- Information provided -
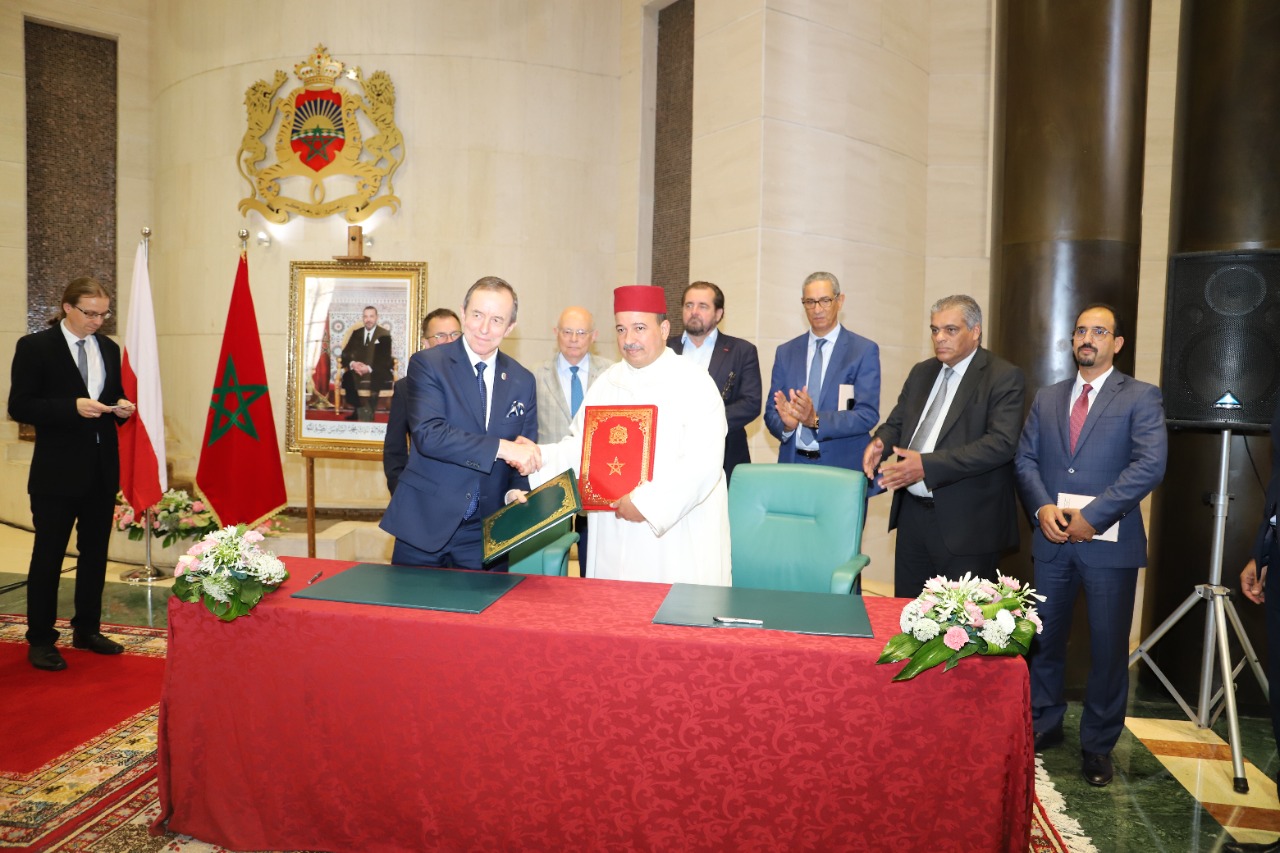 مجلسا المستشارين والشيوخ البولندي يعززان تعاونهما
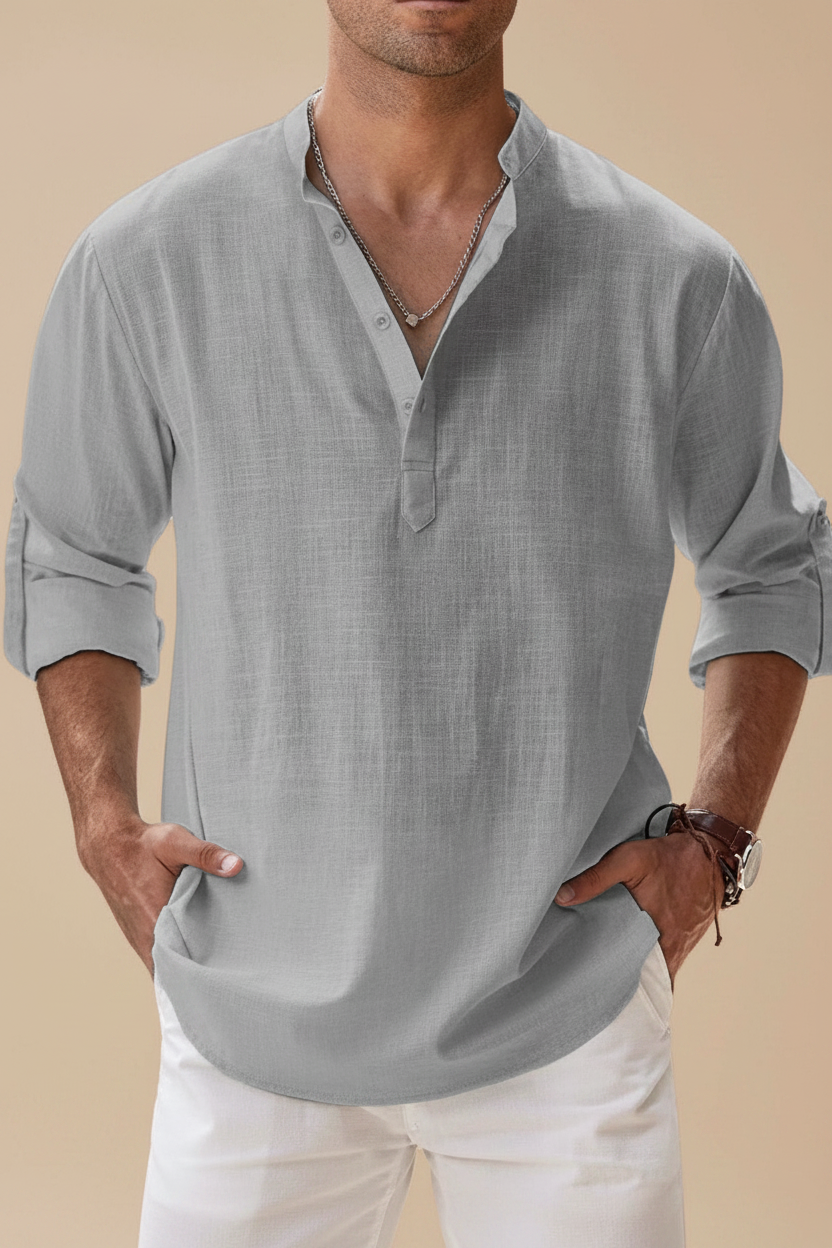 Cazel | Camisa transpirable de lino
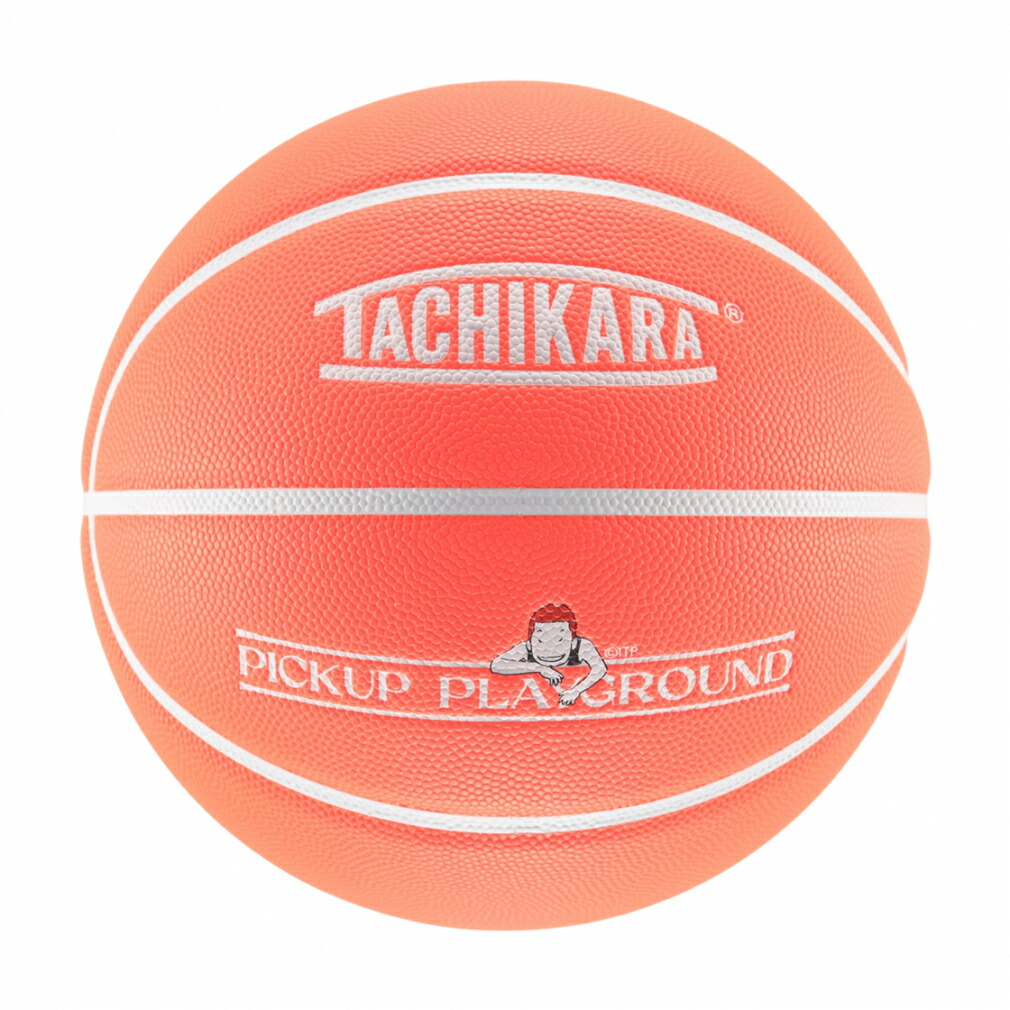 楽天市場】タチカラ PICK UP PLAYGROUND × TACHIKARA BASKETBALL size5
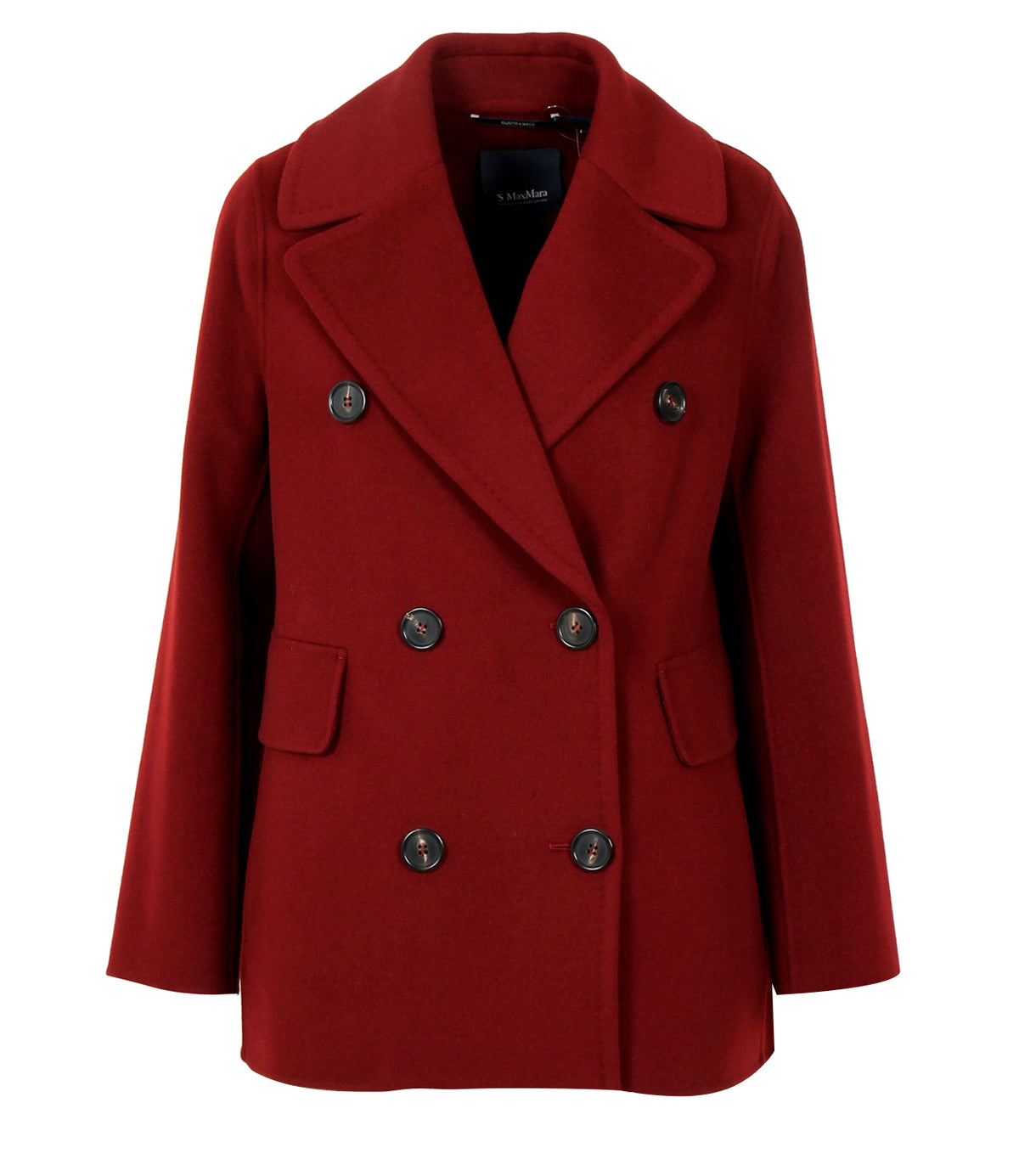 S Max Mara | Caban Camilla Bordeaux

- Task objective -
Every line between the one containing "楽天市場】タチカラ PICK UP" and the last line of the data above, both included, should be copied exactly, but not the pictures.

- Answer below -
 楽天市場】タチカラ PICK UP PLAYGROUND × TACHIKARA BASKETBALL size5
 S Max Mara | Caban Camilla Bordeaux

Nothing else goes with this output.